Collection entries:
________________

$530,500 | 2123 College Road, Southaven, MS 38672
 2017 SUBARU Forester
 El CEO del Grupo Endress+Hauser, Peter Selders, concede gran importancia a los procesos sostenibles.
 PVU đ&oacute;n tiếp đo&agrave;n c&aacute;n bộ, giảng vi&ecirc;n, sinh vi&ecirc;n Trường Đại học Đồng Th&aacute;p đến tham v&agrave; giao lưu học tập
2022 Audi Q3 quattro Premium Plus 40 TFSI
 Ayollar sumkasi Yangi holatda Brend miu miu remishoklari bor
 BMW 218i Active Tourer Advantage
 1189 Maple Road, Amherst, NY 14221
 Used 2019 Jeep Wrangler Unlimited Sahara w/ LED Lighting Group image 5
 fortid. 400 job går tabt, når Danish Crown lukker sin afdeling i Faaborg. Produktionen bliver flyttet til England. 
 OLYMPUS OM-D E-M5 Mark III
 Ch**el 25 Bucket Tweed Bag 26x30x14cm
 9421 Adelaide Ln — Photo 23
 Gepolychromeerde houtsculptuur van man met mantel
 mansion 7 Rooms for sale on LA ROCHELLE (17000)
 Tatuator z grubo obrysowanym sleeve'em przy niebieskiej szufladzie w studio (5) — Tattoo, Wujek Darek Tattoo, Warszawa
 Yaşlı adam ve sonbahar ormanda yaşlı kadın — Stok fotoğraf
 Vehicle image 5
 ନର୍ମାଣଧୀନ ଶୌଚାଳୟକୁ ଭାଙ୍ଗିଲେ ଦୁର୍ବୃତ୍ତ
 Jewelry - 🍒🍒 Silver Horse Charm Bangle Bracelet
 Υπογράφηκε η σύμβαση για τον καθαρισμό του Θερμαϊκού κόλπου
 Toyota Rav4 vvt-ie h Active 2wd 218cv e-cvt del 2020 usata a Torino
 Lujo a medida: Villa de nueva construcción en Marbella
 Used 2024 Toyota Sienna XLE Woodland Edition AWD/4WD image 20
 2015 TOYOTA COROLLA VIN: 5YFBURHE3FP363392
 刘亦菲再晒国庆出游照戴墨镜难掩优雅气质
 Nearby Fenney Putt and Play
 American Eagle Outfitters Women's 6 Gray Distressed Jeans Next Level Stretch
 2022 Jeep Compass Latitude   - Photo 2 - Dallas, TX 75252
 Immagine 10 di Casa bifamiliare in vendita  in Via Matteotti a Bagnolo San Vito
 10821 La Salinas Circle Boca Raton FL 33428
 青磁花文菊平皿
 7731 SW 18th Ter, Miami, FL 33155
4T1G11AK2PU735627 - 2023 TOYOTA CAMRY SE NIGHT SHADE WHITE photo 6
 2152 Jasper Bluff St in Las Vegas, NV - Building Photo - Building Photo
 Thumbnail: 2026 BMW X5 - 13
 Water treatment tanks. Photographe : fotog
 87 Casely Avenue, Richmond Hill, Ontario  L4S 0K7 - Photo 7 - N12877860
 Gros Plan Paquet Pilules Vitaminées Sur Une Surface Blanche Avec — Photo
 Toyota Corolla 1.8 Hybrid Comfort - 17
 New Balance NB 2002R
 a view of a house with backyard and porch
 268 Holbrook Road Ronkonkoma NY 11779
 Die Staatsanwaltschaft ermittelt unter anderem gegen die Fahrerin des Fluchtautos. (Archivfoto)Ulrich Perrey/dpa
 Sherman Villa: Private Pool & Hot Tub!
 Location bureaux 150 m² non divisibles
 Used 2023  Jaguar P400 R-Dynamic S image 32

________________

• Assignment: Copy out each entry once more, character for character.

• Written answer:
$530,500 | 2123 College Road, Southaven, MS 38672
 2017 SUBARU Forester
 El CEO del Grupo Endress+Hauser, Peter Selders, concede gran importancia a los procesos sostenibles.
 PVU đ&oacute;n tiếp đo&agrave;n c&aacute;n bộ, giảng vi&ecirc;n, sinh vi&ecirc;n Trường Đại học Đồng Th&aacute;p đến tham v&agrave; giao lưu học tập
2022 Audi Q3 quattro Premium Plus 40 TFSI
 Ayollar sumkasi Yangi holatda Brend miu miu remishoklari bor
 BMW 218i Active Tourer Advantage
 1189 Maple Road, Amherst, NY 14221
 Used 2019 Jeep Wrangler Unlimited Sahara w/ LED Lighting Group image 5
 fortid. 400 job går tabt, når Danish Crown lukker sin afdeling i Faaborg. Produktionen bliver flyttet til England. 
 OLYMPUS OM-D E-M5 Mark III
 Ch**el 25 Bucket Tweed Bag 26x30x14cm
 9421 Adelaide Ln — Photo 23
 Gepolychromeerde houtsculptuur van man met mantel
 mansion 7 Rooms for sale on LA ROCHELLE (17000)
 Tatuator z grubo obrysowanym sleeve'em przy niebieskiej szufladzie w studio (5) — Tattoo, Wujek Darek Tattoo, Warszawa
 Yaşlı adam ve sonbahar ormanda yaşlı kadın — Stok fotoğraf
 Vehicle image 5
 ନର୍ମାଣଧୀନ ଶୌଚାଳୟକୁ ଭାଙ୍ଗିଲେ ଦୁର୍ବୃତ୍ତ
 Jewelry - 🍒🍒 Silver Horse Charm Bangle Bracelet
 Υπογράφηκε η σύμβαση για τον καθαρισμό του Θερμαϊκού κόλπου
 Toyota Rav4 vvt-ie h Active 2wd 218cv e-cvt del 2020 usata a Torino
 Lujo a medida: Villa de nueva construcción en Marbella
 Used 2024 Toyota Sienna XLE Woodland Edition AWD/4WD image 20
 2015 TOYOTA COROLLA VIN: 5YFBURHE3FP363392
 刘亦菲再晒国庆出游照戴墨镜难掩优雅气质
 Nearby Fenney Putt and Play
 American Eagle Outfitters Women's 6 Gray Distressed Jeans Next Level Stretch
 2022 Jeep Compass Latitude   - Photo 2 - Dallas, TX 75252
 Immagine 10 di Casa bifamiliare in vendita  in Via Matteotti a Bagnolo San Vito
 10821 La Salinas Circle Boca Raton FL 33428
 青磁花文菊平皿
 7731 SW 18th Ter, Miami, FL 33155
4T1G11AK2PU735627 - 2023 TOYOTA CAMRY SE NIGHT SHADE WHITE photo 6
 2152 Jasper Bluff St in Las Vegas, NV - Building Photo - Building Photo
 Thumbnail: 2026 BMW X5 - 13
 Water treatment tanks. Photographe : fotog
 87 Casely Avenue, Richmond Hill, Ontario  L4S 0K7 - Photo 7 - N12877860
 Gros Plan Paquet Pilules Vitaminées Sur Une Surface Blanche Avec — Photo
 Toyota Corolla 1.8 Hybrid Comfort - 17
 New Balance NB 2002R
 a view of a house with backyard and porch
 268 Holbrook Road Ronkonkoma NY 11779
 Die Staatsanwaltschaft ermittelt unter anderem gegen die Fahrerin des Fluchtautos. (Archivfoto)Ulrich Perrey/dpa
 Sherman Villa: Private Pool & Hot Tub!
 Location bureaux 150 m² non divisibles
 Used 2023  Jaguar P400 R-Dynamic S image 32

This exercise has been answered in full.